----- Record set

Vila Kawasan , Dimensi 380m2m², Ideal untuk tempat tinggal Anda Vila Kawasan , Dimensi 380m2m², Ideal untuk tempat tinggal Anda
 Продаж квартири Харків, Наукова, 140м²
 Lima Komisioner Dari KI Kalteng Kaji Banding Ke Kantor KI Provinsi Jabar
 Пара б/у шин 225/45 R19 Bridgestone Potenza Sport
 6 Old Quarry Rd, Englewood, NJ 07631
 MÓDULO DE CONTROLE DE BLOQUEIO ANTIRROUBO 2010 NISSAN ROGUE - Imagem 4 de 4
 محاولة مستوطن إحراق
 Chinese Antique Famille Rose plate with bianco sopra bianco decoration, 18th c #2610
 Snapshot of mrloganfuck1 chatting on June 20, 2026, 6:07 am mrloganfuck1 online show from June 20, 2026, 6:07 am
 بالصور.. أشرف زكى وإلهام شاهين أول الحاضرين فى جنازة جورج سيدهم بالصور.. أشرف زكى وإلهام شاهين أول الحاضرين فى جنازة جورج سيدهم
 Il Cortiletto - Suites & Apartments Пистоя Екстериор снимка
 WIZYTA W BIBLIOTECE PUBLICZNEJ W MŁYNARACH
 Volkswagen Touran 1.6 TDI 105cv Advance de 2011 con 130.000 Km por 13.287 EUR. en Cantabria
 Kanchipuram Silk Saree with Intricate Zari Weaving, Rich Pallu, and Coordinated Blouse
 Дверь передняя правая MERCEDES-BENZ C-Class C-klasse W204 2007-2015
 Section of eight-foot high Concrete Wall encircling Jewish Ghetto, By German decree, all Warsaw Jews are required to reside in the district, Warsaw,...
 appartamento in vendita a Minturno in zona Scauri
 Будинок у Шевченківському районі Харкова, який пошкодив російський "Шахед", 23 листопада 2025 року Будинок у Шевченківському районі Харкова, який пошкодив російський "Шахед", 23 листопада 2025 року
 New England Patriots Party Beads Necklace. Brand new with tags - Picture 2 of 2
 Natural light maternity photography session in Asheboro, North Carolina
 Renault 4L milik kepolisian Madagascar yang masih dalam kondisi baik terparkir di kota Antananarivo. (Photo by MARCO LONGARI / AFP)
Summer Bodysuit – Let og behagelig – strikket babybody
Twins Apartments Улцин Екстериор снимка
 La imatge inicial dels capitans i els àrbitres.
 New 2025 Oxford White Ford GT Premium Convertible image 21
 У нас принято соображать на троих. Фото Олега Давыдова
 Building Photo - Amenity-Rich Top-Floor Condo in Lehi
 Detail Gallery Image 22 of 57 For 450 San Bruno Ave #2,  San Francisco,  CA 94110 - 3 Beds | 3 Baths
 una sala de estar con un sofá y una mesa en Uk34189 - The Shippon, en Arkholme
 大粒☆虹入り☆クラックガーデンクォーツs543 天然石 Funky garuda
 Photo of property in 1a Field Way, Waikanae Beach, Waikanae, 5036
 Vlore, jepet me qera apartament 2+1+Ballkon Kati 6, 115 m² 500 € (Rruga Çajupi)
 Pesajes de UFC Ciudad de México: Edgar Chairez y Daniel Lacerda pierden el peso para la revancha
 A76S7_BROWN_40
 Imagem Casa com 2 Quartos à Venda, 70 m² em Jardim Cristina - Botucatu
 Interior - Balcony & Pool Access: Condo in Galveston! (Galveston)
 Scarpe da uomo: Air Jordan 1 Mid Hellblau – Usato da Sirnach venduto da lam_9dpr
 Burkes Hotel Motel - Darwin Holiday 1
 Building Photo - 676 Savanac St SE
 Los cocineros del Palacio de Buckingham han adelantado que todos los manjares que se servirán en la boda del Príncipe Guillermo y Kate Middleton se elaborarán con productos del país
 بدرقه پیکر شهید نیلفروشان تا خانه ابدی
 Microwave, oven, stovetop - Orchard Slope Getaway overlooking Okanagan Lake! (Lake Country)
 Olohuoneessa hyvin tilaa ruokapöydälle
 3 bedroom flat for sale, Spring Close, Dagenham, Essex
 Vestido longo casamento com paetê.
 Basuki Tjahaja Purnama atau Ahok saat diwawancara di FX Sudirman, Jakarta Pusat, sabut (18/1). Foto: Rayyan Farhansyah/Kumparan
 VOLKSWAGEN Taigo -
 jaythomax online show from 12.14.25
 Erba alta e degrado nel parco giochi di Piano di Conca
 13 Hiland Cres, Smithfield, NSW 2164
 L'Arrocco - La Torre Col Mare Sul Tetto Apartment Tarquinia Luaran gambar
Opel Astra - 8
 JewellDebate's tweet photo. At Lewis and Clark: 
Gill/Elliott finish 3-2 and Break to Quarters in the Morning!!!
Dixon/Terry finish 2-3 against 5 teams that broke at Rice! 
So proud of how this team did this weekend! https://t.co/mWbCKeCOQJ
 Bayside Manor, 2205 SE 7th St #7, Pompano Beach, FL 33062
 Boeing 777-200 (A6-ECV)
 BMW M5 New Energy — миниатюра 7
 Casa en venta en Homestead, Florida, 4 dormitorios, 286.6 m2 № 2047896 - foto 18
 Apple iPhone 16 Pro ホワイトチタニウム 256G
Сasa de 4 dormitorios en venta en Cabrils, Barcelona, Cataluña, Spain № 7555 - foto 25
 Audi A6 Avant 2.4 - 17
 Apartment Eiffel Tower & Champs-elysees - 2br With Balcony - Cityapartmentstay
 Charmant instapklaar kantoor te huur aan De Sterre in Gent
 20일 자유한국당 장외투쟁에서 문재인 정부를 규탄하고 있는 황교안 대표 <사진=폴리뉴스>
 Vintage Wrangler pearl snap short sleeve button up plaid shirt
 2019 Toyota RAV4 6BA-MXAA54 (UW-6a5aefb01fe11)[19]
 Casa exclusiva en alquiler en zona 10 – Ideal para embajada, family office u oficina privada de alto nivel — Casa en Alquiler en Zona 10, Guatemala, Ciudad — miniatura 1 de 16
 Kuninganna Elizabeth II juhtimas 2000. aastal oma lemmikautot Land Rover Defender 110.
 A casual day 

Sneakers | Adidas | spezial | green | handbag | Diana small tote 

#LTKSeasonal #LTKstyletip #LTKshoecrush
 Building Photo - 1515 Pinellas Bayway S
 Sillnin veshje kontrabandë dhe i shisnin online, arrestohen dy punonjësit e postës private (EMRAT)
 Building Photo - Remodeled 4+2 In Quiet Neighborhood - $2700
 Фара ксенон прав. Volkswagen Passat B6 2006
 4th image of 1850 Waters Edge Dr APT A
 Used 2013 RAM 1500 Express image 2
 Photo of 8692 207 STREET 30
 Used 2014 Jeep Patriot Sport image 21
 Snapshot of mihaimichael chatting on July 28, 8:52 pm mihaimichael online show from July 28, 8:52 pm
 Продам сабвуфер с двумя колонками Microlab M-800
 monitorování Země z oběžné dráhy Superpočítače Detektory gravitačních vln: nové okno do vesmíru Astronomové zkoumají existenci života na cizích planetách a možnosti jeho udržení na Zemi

----------

— Task statement —
Work out, please, how many lines above contain "Екстериор"; answer only with the number.

— Task response —
2